WORK REQUIRED: Copy out the lines of the records below, and only those lines, from the one with "40 piece box" through the one with "Sperry Top-Sider Girls", exactly as they appear.

MATERIAL FOR THIS EXERCISE:
▬▬▬▬▬▬

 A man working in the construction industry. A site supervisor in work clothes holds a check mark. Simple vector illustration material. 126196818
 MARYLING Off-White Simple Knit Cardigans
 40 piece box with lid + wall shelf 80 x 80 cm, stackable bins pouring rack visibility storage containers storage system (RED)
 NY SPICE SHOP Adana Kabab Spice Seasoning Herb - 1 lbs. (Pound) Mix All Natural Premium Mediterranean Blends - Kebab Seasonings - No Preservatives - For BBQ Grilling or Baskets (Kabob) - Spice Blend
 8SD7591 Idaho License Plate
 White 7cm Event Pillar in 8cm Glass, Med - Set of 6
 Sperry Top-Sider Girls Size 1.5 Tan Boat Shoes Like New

▬▬▬▬▬▬

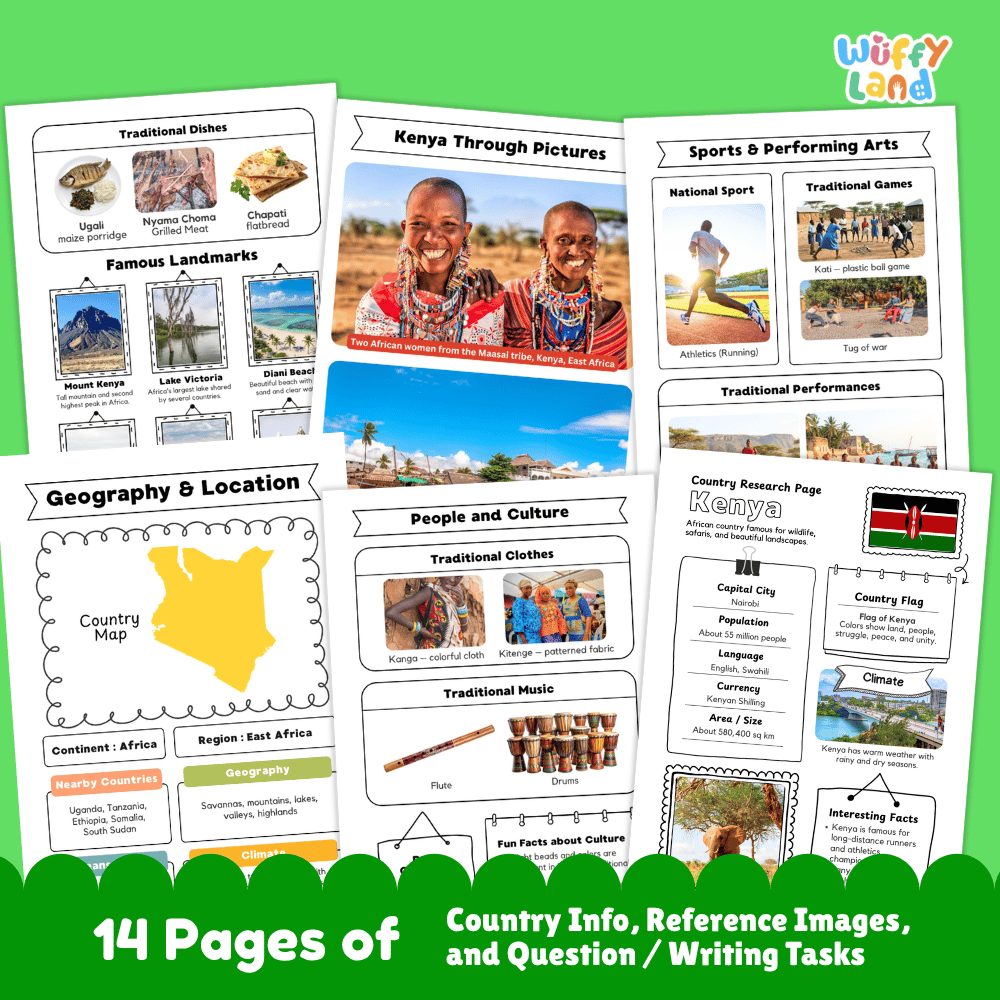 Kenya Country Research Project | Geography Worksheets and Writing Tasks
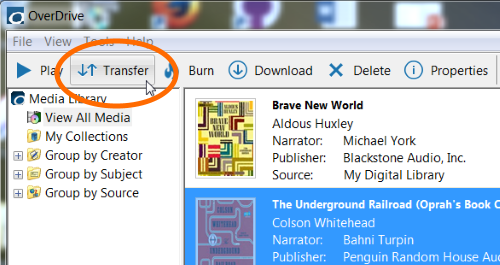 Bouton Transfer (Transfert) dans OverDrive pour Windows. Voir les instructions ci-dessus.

▬▬▬▬▬▬

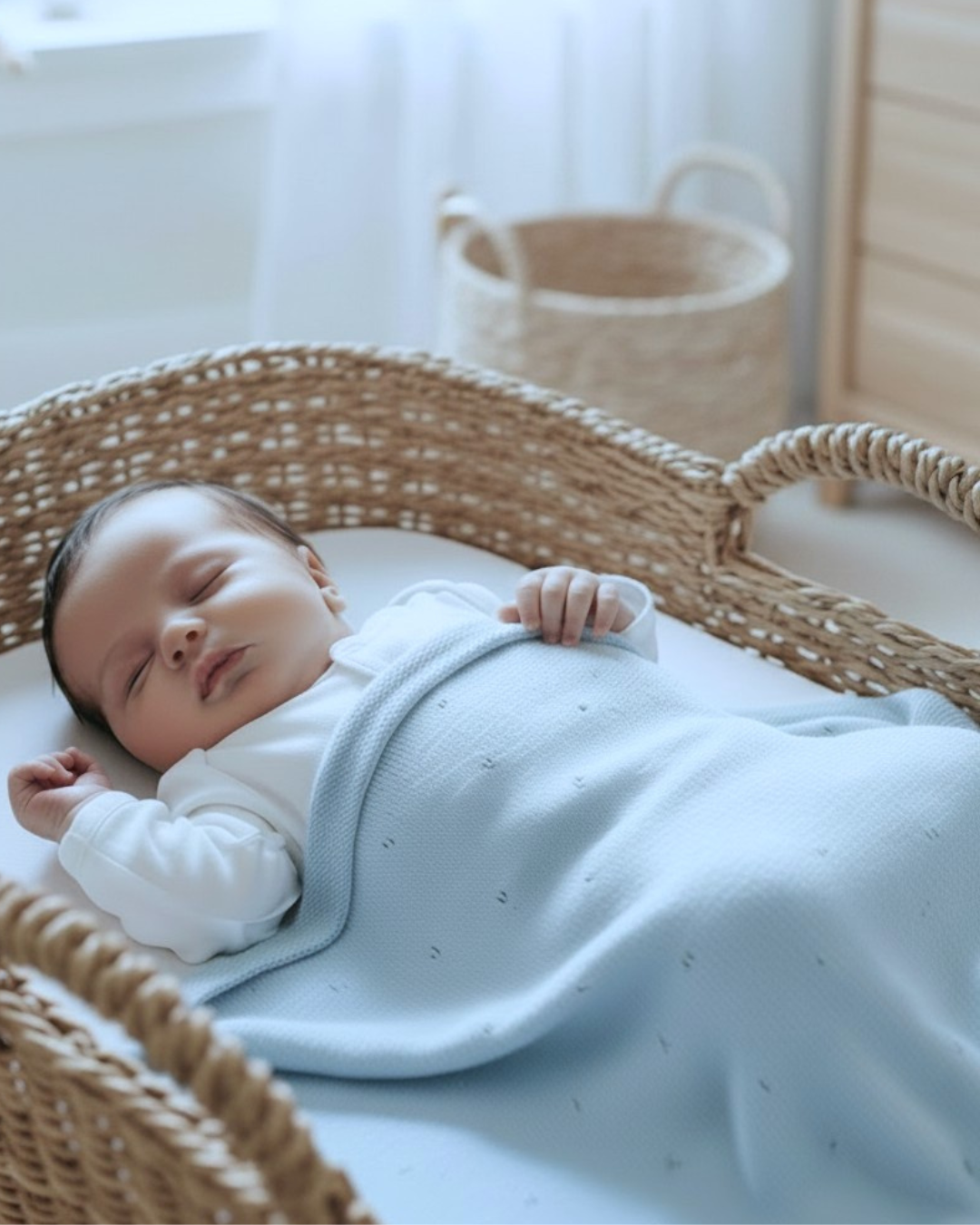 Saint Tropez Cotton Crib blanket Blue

▬▬▬▬▬▬

SOLUTION:
 40 piece box with lid + wall shelf 80 x 80 cm, stackable bins pouring rack visibility storage containers storage system (RED)
 NY SPICE SHOP Adana Kabab Spice Seasoning Herb - 1 lbs. (Pound) Mix All Natural Premium Mediterranean Blends - Kebab Seasonings - No Preservatives - For BBQ Grilling or Baskets (Kabob) - Spice Blend
 8SD7591 Idaho License Plate
 White 7cm Event Pillar in 8cm Glass, Med - Set of 6
 Sperry Top-Sider Girls Size 1.5 Tan Boat Shoes Like New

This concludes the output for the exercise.